Beefy Boxes and Bandwidth Generously Provided by pair Networks
Perl: the Markov chain saw
 
PerlMonks  

Accessing SQLite databases within ZIP files

by AppleFritter (Vicar)
on Oct 01, 2017 at 11:22 UTC ( [id://1200461]=perlquestion: print w/replies, xml ) Need Help??

AppleFritter has asked for the wisdom of the Perl Monks concerning the following question:

Dearest life forms lurking in the Monastery!

I'm trying to process resource files produced by a third-party application. These resource files are actually ZIP files containing, among other things:

  1. an SQLite database;
  2. a bunch of binary blobs (stored as file entries in the ZIP archive, rather than as BLOBs in the SQLite DB); and
  3. a JSON file mapping resource identifiers used in the DB to the binaries' filenames.

I'd like to access all this data. I'd also like to do this in the easiest, DWIMiest, most natural manner possible.

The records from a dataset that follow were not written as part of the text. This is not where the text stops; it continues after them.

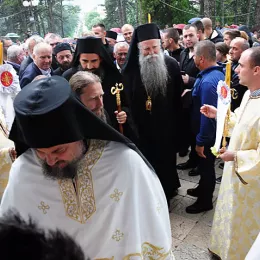 Вјерни народ са радошћу и љубављу дочекао новоизабране Митрополита Јоаникија и Епископа Методија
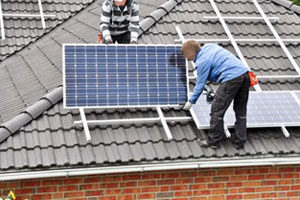 découvrez les alertes concernant les arnaques liées aux panneaux photovoltaïques. protégez-vous des offres trompeuses et apprenez à identifier les signes d'escroqueries dans le secteur de l'énergie solaire.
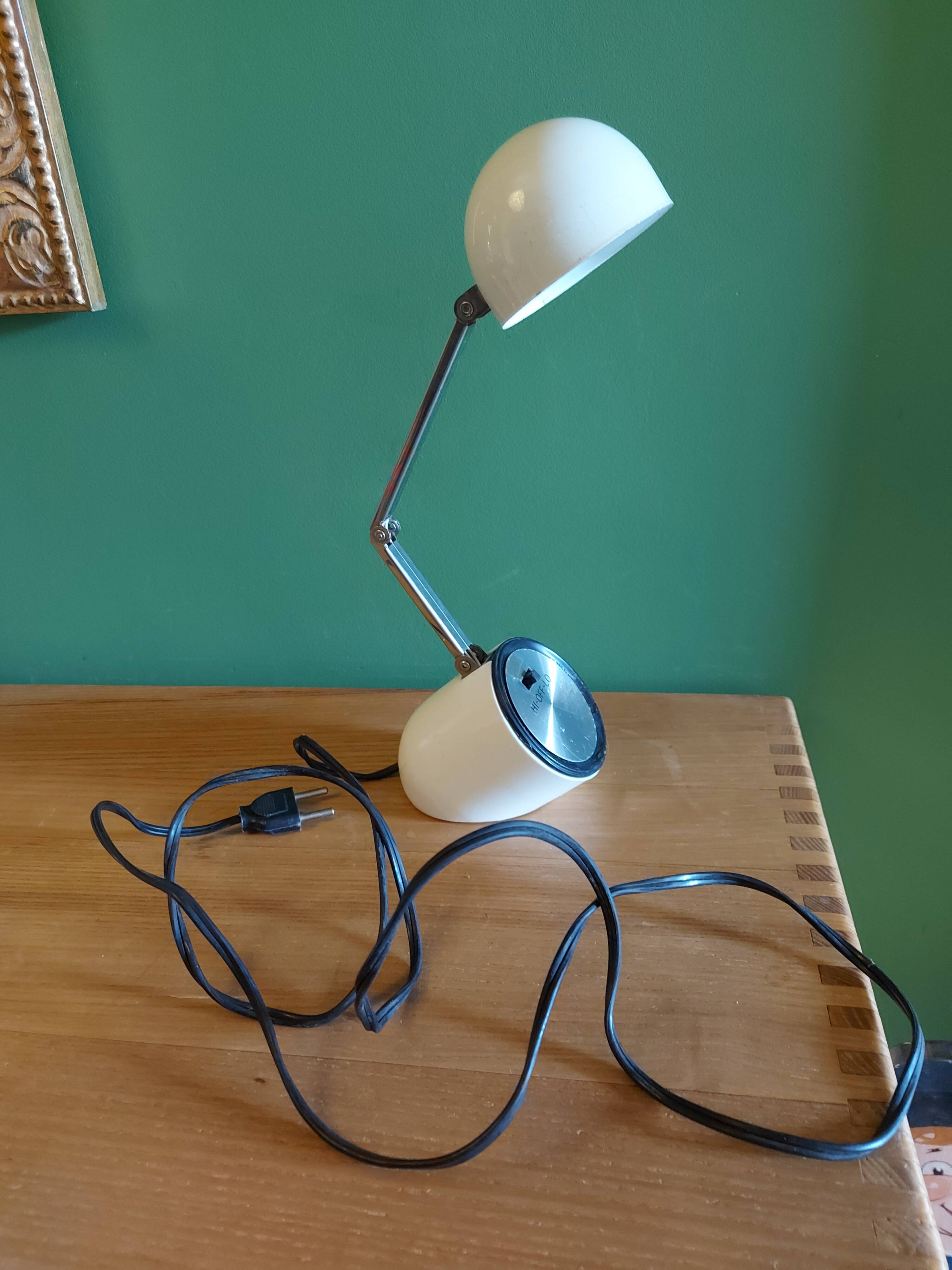 Well-lite vintage lamp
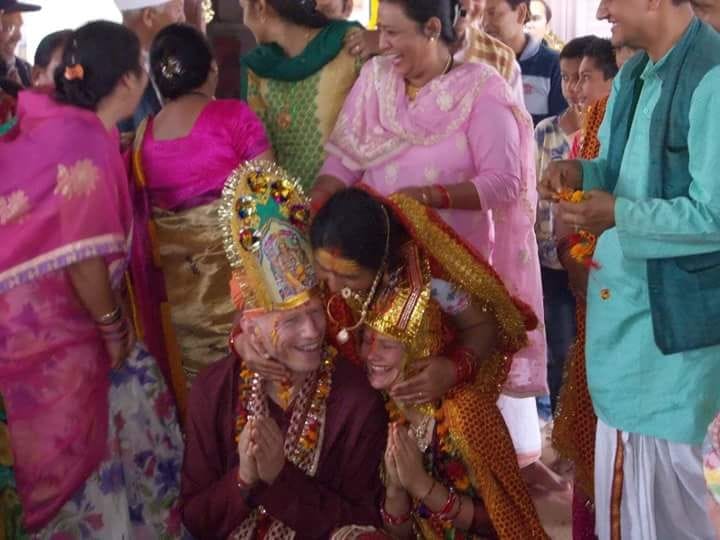 foreigner couple got marriage in harakhan temple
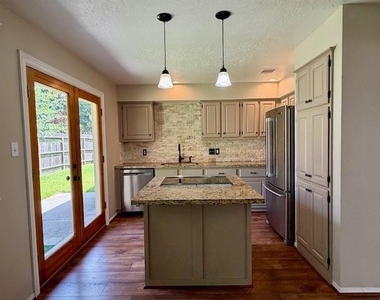 3602 Chapel Square Drive - Photo Thumbnail 19
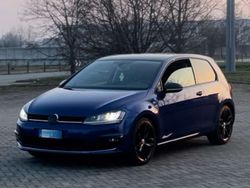 Blu Usata 2013 VW Golf VII Highline Tre volumi | 12.390 € (Molto cara)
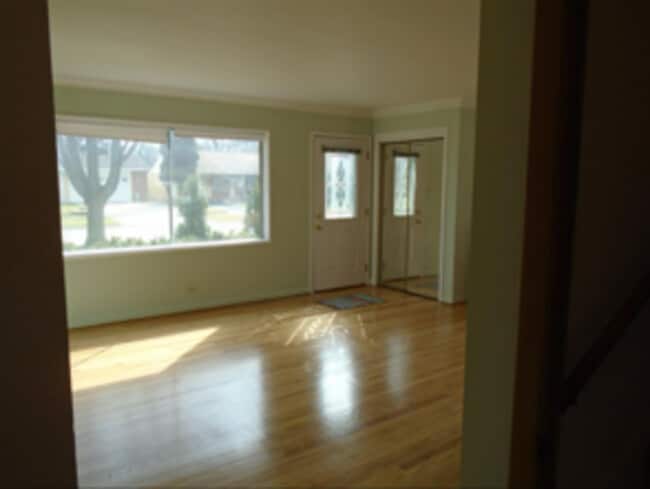 Building Photo - 312 N Reuter Dr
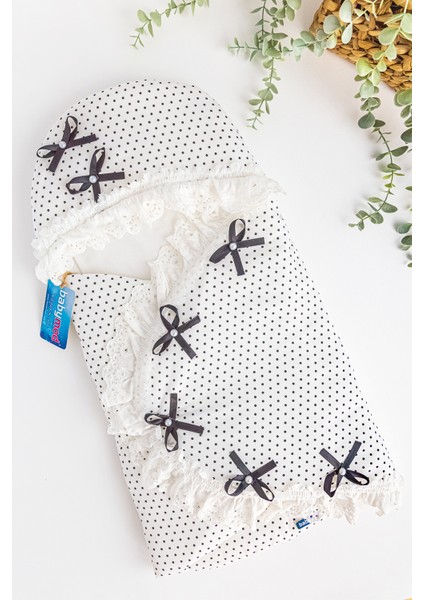 Puantiye Desenli Kız Bebek Kundak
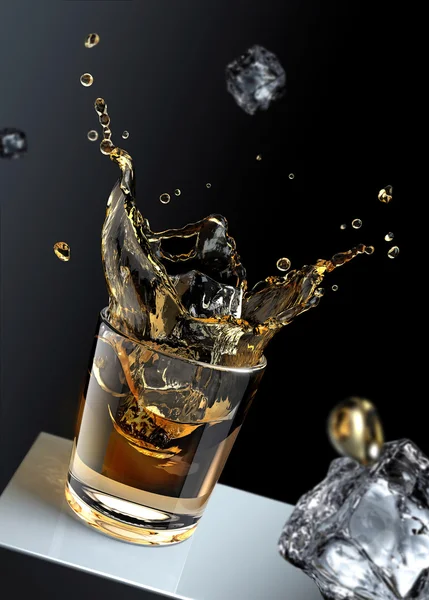 Ice cube stänk i ett glas vätska. — Stockfoto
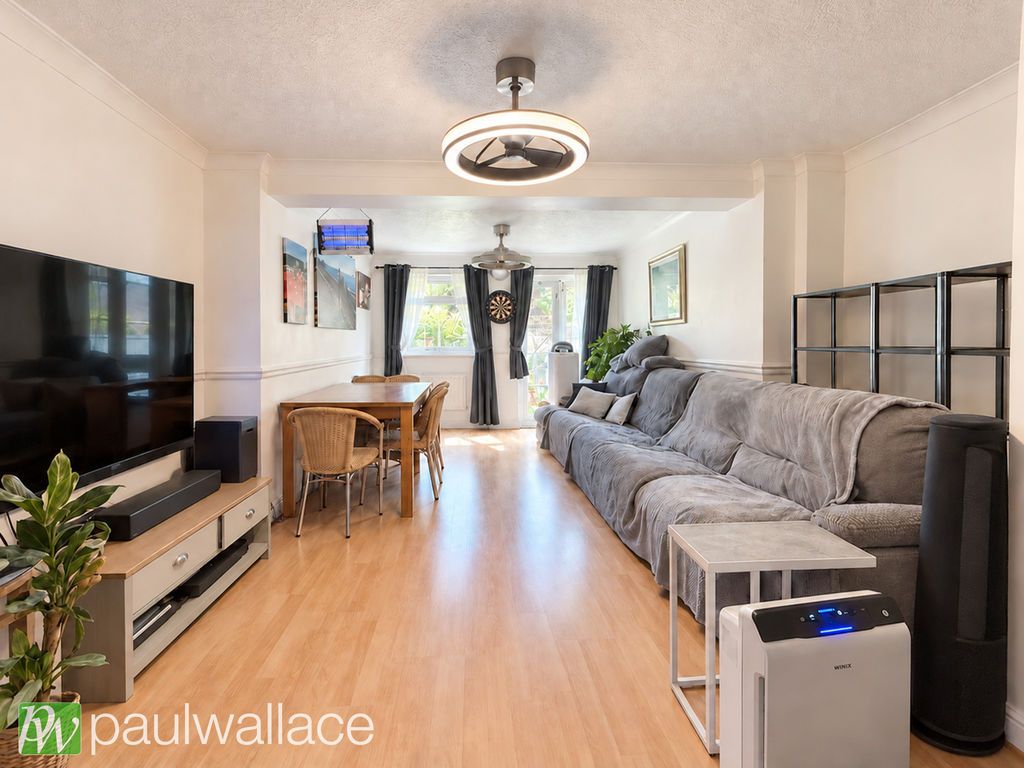 Property photo 2 of 10 Lounge / Diner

The most straightforward way is of course to extract the ZIP file, and then use DBI, JSON::XS and whatever modules are appropriate to handle the binaries (images, sounds, videos etc). But I'd like to avoid this, if possible; I want to be able to point my script at the ZIP file without having to worry about disk space, clean-up, and all that.

There's a variety of modules on CPAN for transparently handling ZIP archives (in fact, IO::Uncompress::Unzip is in core). What I have not found is a way of accessing a database without extracting it to disk first. More precisely, what I'd like to do is either:

  • have DBD::SQLite read the DB directly from the ZIP file, using some kind of transparent intermediary layer; or
  • extract the DB into memory (i.e. a Perl scalar), and then have DBD::SQLite read that.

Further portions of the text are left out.